A continual refrain heard by advisors during market booms is that investors get accustomed to returns that, over the long term, are simply unsustainable. Yet the problem is compounded by media outlets that sometimes jump aboard the "rah rah" wagon and embrace those expectations, irrational or not. Advisors have always lamented this phenomenon, and here are a few ways you can try and change it.
For starters, reporters and editors would likely welcome pitches illustrating the fact that most of the last two decades have been a time when market conditions defied the norm and, while some investors reaped big gains, overall the average investor lost ground. Even if they reported gains in individual portfolios, which tend to be more speculative than the index and mutual funds that often make up a good chunk of 401(k)s, their retirement plans took a beating during much of the period.

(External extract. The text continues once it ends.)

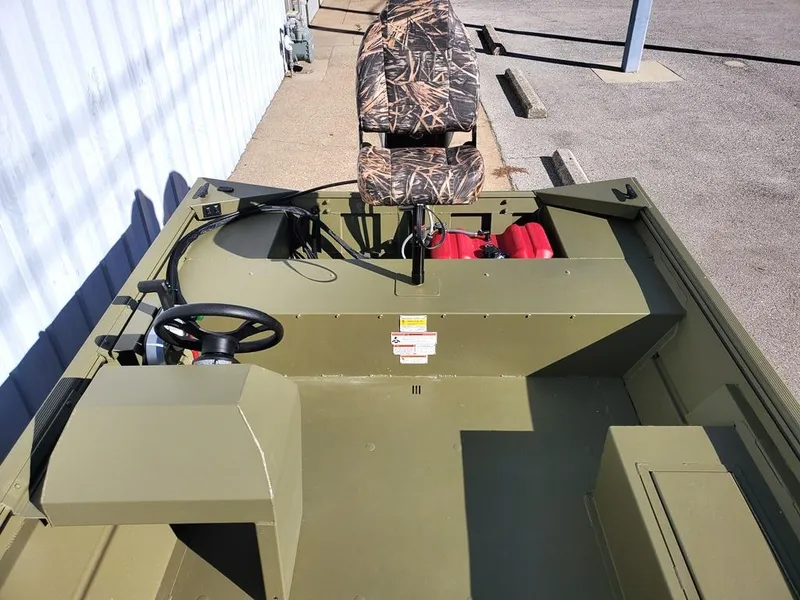 Slide: The Image of Stern Pedestal Fishing Seat - 6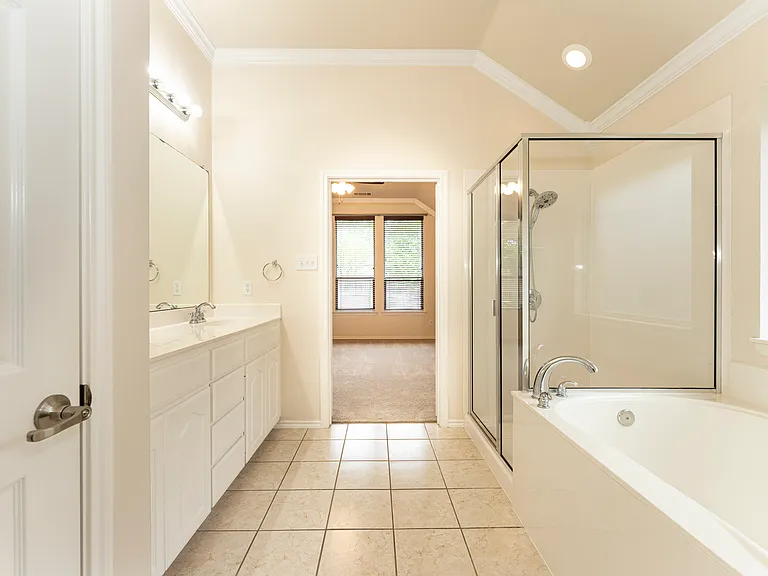 1417 Lowes Farm Pkwy — Photo 24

Obviously, this is less of a problem for someone in their 30s and 40s, but it becomes a much different scenario for an account holder 50 or older, which makes now a perfect time to jump back on the "diversification bandwagon." Simply put, investors seem to need continual reminding that over the long haul, nothing beats a diversified portfolio with solid names. Pitches should include the fact that there are solid names in every sector, even technology, which many investors favor more than they should.

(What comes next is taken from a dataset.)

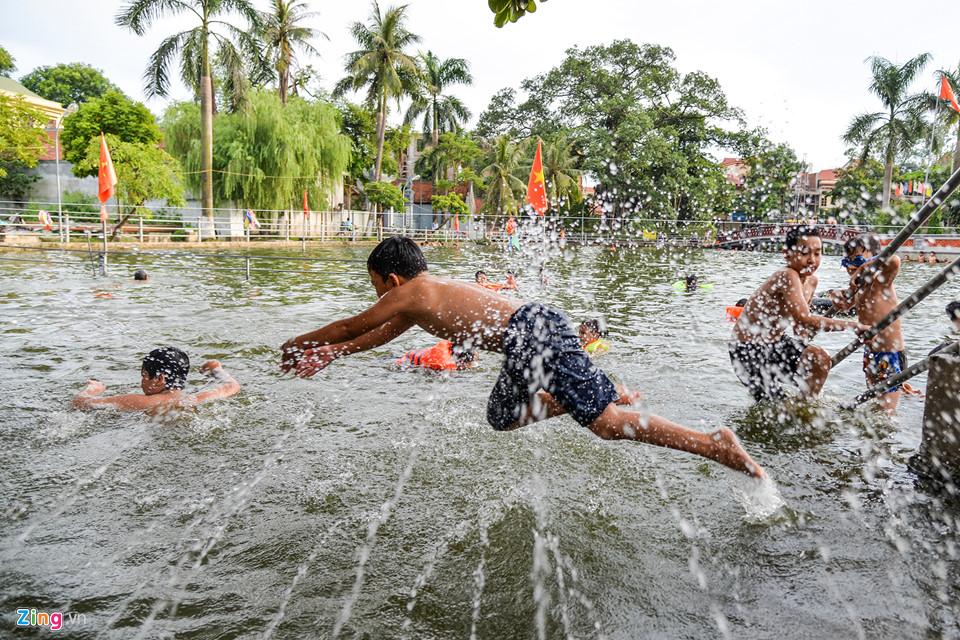'Công viên nước' miễn phí độc đáo nhất ngoại thành Hà Nội-11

Another media opportunity lies in giving investors a lesson on speculation. This is a controversial topic to a degree because conventional wisdom is speculation is something few, if any, individual investors should attempt. Yet, history shows us the potential gains that can be generated by speculating -- even if they're a long shot -- are irrestible for many. Given that, if many of your clients are going to do it, perhaps now's a great time to approach reporters with some ground rules on how to do it in a responsible manner. If you're comfortable with the notion, talk to the media about some guidelines investors can use when deciding how much of their overall investible assets can be involved in speculation. From there, some good ideas reporters will appreciate would include specific investments that would be a good target, be they emerging-market mutual funds or specific stock recommendations.
Finally, just as there are many investors that attempt to be overly aggressive and routinely swap out of positions iin an effort to ride the latest wave, there are others who believe they can leave their investments on autopilot and will be scared to do anything in the wake of any turmoil. These investors need reminiding to take another look at their strategy during crucial life stages, such as the birth of a new child or preparing for increasing higher-education costs.
As far as timing, don't wait too late to seize the recovery mantle, because as investor psychology improves, the media often get overly focused on riding the wave and often become averse to any idea that isn't specifically about doing just that. For any advisor who wants to make a sustained pitch for balance, the time is now.